Show each line of the entries below in which the word "Photo" appears.

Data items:
((

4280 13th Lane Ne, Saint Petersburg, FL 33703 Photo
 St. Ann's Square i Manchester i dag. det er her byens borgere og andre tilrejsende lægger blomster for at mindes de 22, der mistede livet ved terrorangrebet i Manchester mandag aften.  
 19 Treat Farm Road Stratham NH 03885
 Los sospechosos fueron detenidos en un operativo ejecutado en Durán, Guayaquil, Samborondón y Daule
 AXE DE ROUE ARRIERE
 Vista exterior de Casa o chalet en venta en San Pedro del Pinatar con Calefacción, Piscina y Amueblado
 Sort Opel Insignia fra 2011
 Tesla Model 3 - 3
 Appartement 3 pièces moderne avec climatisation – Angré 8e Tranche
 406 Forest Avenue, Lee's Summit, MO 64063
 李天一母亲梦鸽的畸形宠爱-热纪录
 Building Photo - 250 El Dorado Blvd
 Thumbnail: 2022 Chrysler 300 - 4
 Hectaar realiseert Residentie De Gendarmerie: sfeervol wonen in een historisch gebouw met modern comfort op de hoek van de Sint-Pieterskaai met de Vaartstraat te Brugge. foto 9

))

*REPLY:*
4280 13th Lane Ne, Saint Petersburg, FL 33703 Photo
 Building Photo - 250 El Dorado Blvd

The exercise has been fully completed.